- [To do] Data follows below. Repeat exactly the lines between the line holding "Dinhon ABC Learning" and the line holding "Gold & Diamond", inclusive, and nothing more; drop pictures.

- [Provided records]
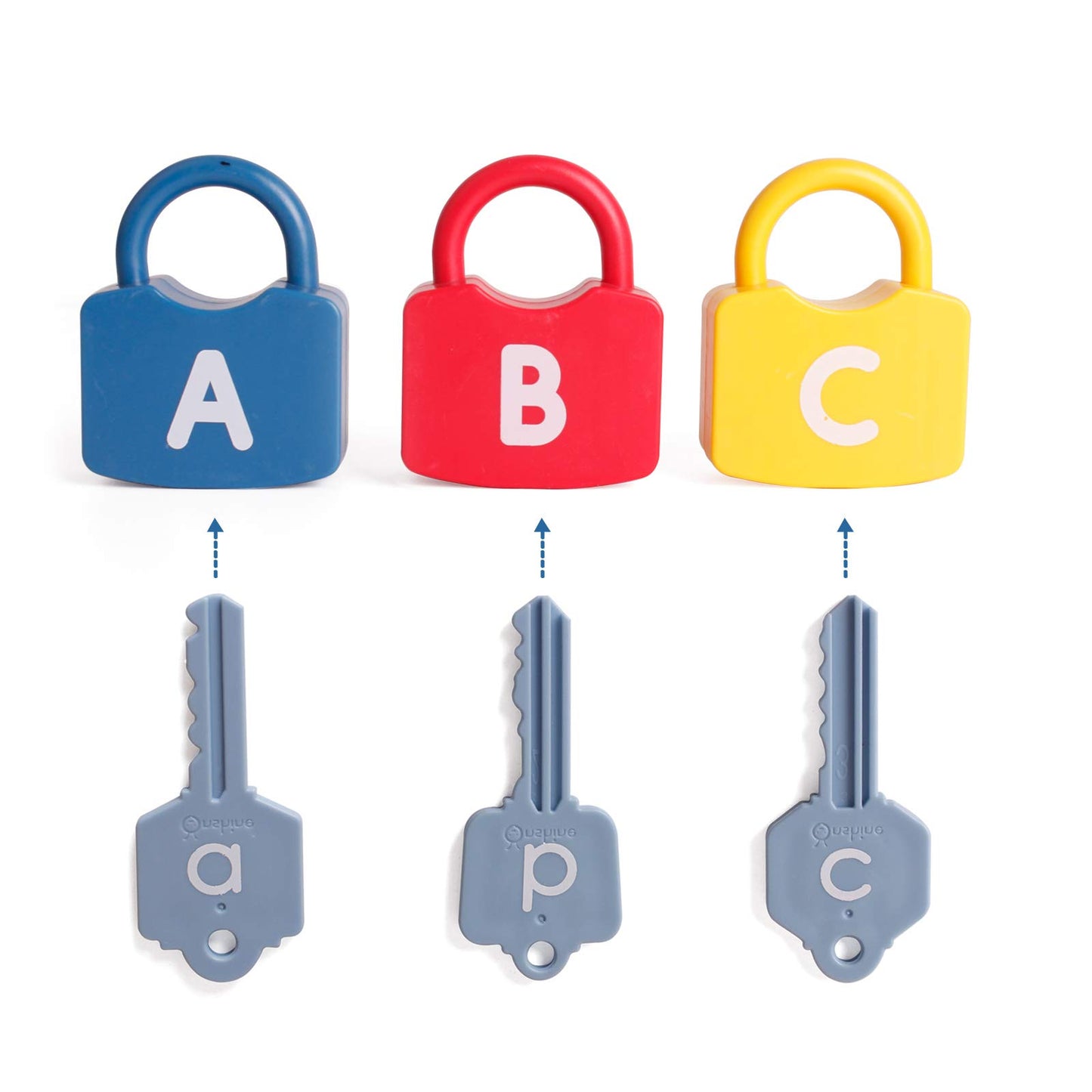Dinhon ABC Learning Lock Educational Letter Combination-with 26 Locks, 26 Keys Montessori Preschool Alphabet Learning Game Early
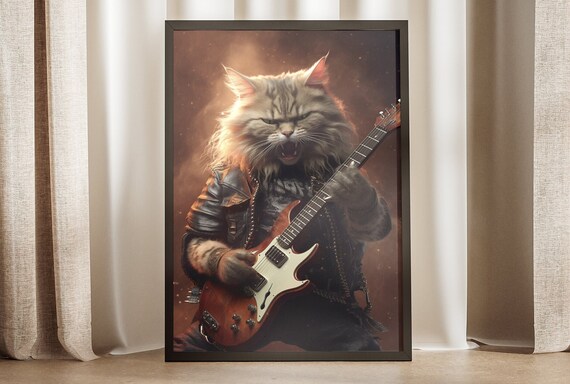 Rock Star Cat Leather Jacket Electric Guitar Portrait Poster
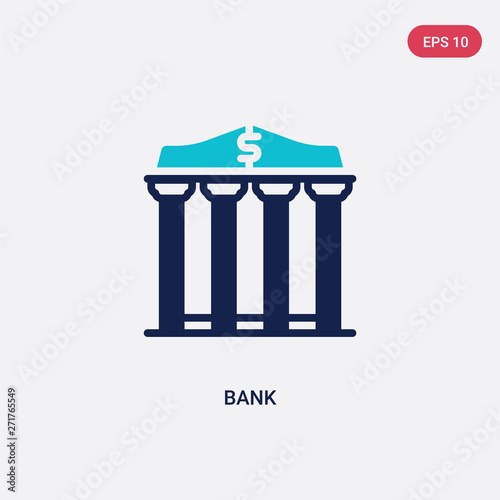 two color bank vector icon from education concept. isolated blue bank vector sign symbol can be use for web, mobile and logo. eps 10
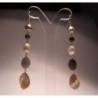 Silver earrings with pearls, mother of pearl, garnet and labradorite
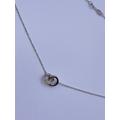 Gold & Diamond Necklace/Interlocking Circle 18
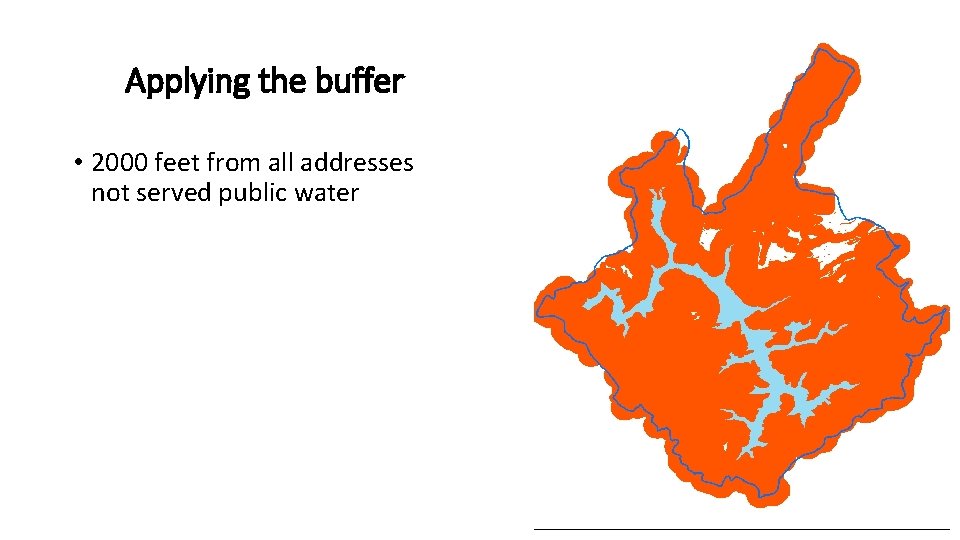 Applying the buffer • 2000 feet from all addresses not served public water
* * *
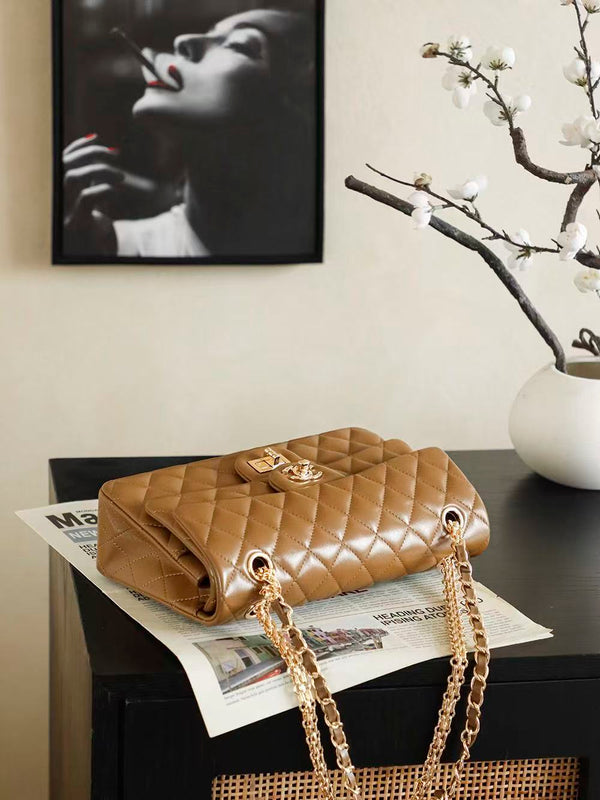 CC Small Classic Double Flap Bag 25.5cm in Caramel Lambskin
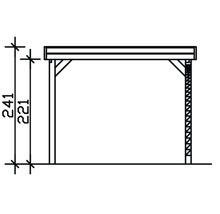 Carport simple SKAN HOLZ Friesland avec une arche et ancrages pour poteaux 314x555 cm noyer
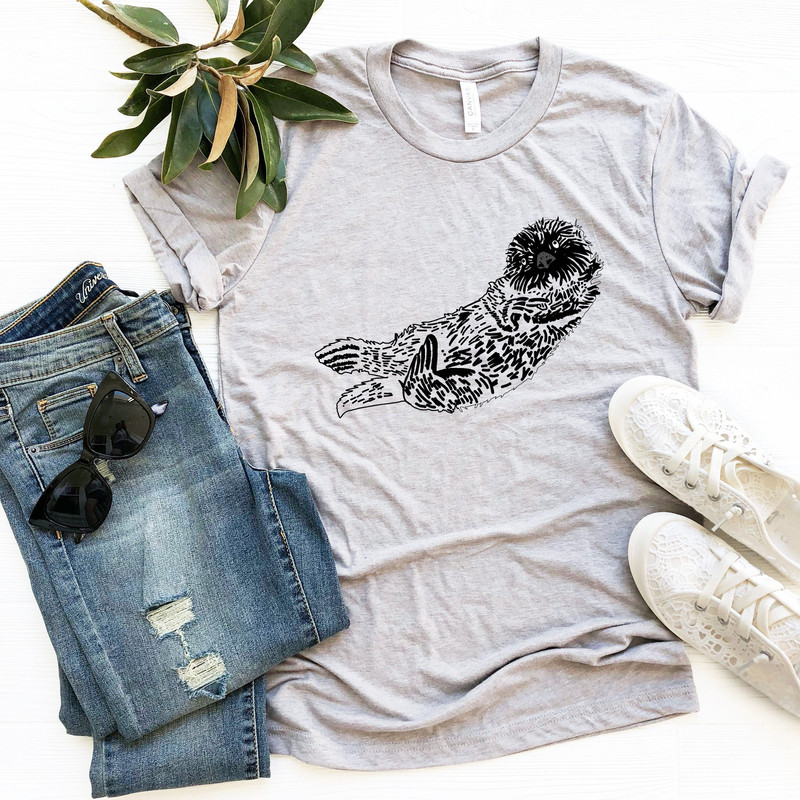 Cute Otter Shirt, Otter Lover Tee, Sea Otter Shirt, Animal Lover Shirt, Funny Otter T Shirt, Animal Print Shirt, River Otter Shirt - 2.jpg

- [Expected answer]
Dinhon ABC Learning Lock Educational Letter Combination-with 26 Locks, 26 Keys Montessori Preschool Alphabet Learning Game Early
 Rock Star Cat Leather Jacket Electric Guitar Portrait Poster
 two color bank vector icon from education concept. isolated blue bank vector sign symbol can be use for web, mobile and logo. eps 10
 Silver earrings with pearls, mother of pearl, garnet and labradorite
 Gold & Diamond Necklace/Interlocking Circle 18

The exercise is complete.